Quoique le beau monde ne fût pas encore arrivé, je vis à l’Opéra-Italien de charmantes physionomies féminines, encadrées admirablement dans le damas rouge des loges. Les keepsakes sont plus fidèles qu’on ne pense, et représentent très-bien la grâce maniérée, les formes élégantes et frêles des femmes de l’aristocratie. Ce sont bien là les yeux aux longs cils, aux regards noyés, les spirales de cheveux blonds faiblement contournées, et venant caresser de blanches épaules et de blanches poitrines généreusement livrées aux regards, mode qui nous paraît contraster un peu avec la pruderie anglaise. Quant aux toilettes, elles ont un caractère d’excentricité frappant. Les couleurs voyantes sont adoptées de préférence. Dans la même loge rayonnaient comme un spectre solaire trois dames habillées l’une en jonquille, l’autre en écarlate, et la dernière en bleu de ciel.

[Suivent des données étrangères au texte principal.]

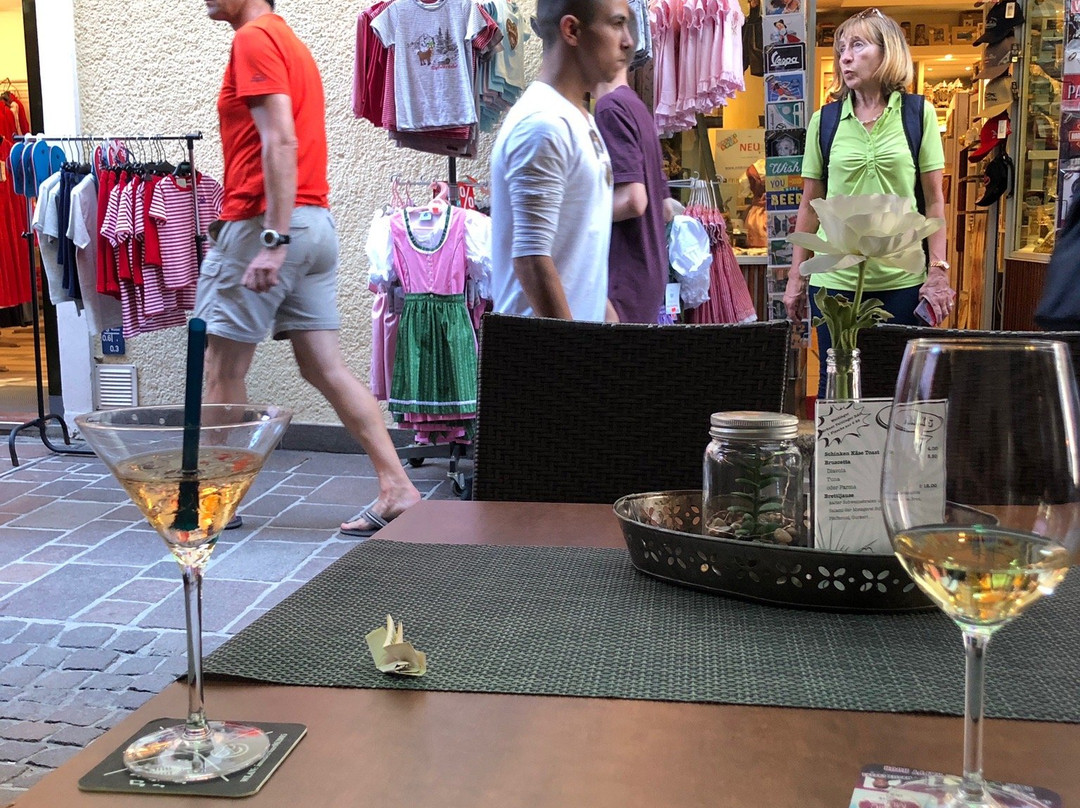 Insider Bar-采尔湖畔必去景点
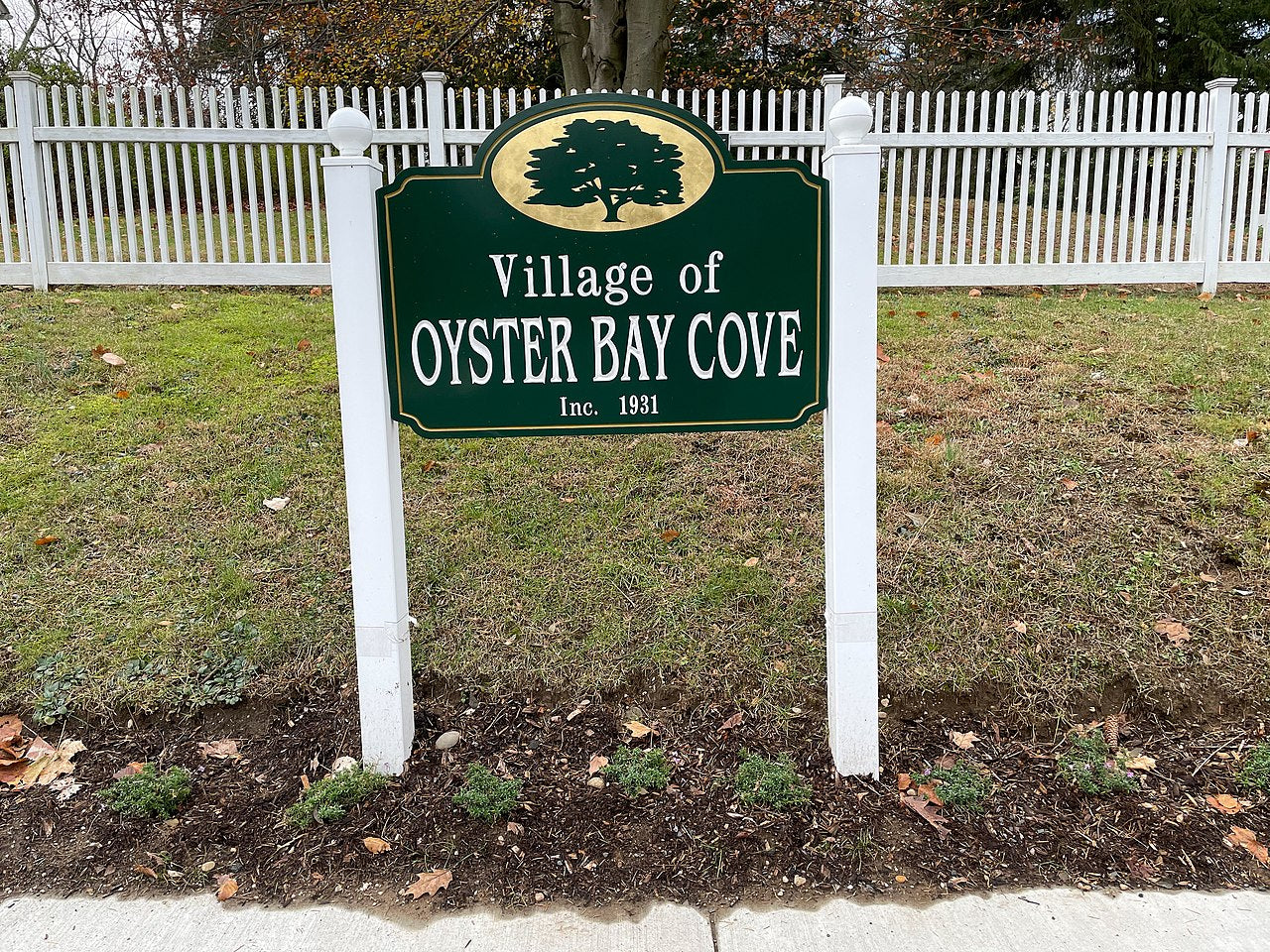Haus and Hues in Oyster Bay Cove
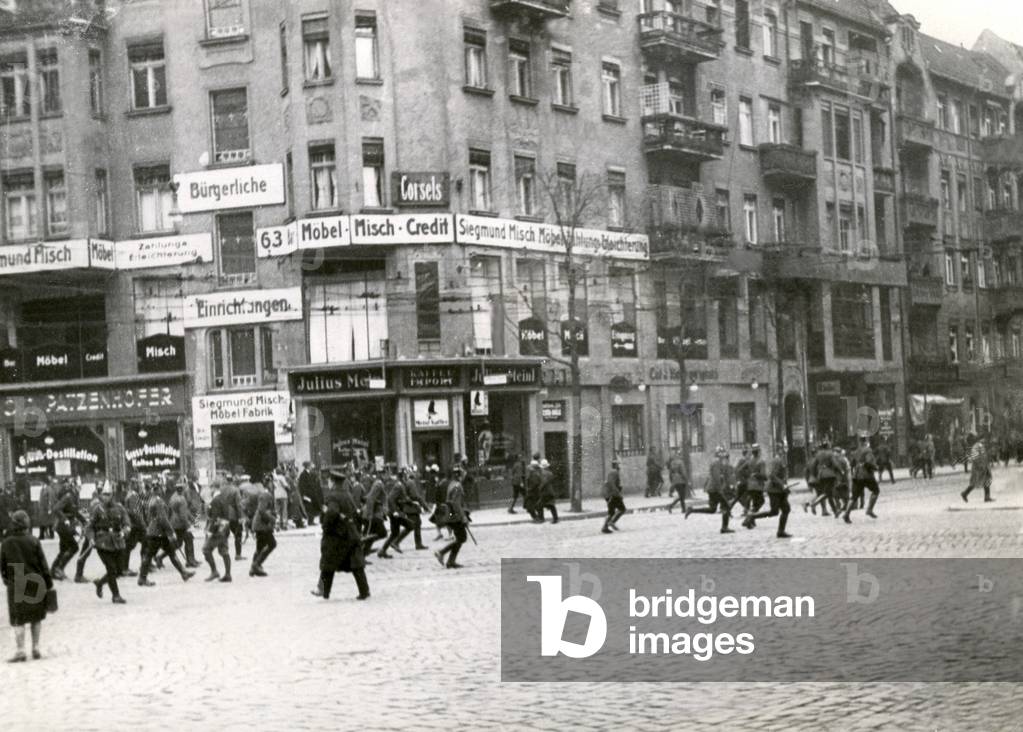 Street battle between NSDAP and KPD, 1929 (b/w photo)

Les coiffures ne sont pas d’un goût très-heureux. On sait tout ce que les Anglaises se mettent sur la tête : franges d’or, buissons de corail, branches d’arbres, coquillages, bancs d’huîtres, leur fantaisie ne recule devant rien, surtout lorsqu’elles ont atteint cet âge que l’on appelle âge de retour, et auquel cependant personne ne voudrait arriver, loin d’y vouloir retourner.

Voilà à peu près, mon chez Fritz, ce que peut voir, en allant à travers Londres tout droit devant lui, un honnête rêveur qui ne sait pas un mot d’anglais, n’est pas grand admirateur de vieilles pierres noires, et trouve la première rue venue aussi curieuse que l’exhibition la plus attractive.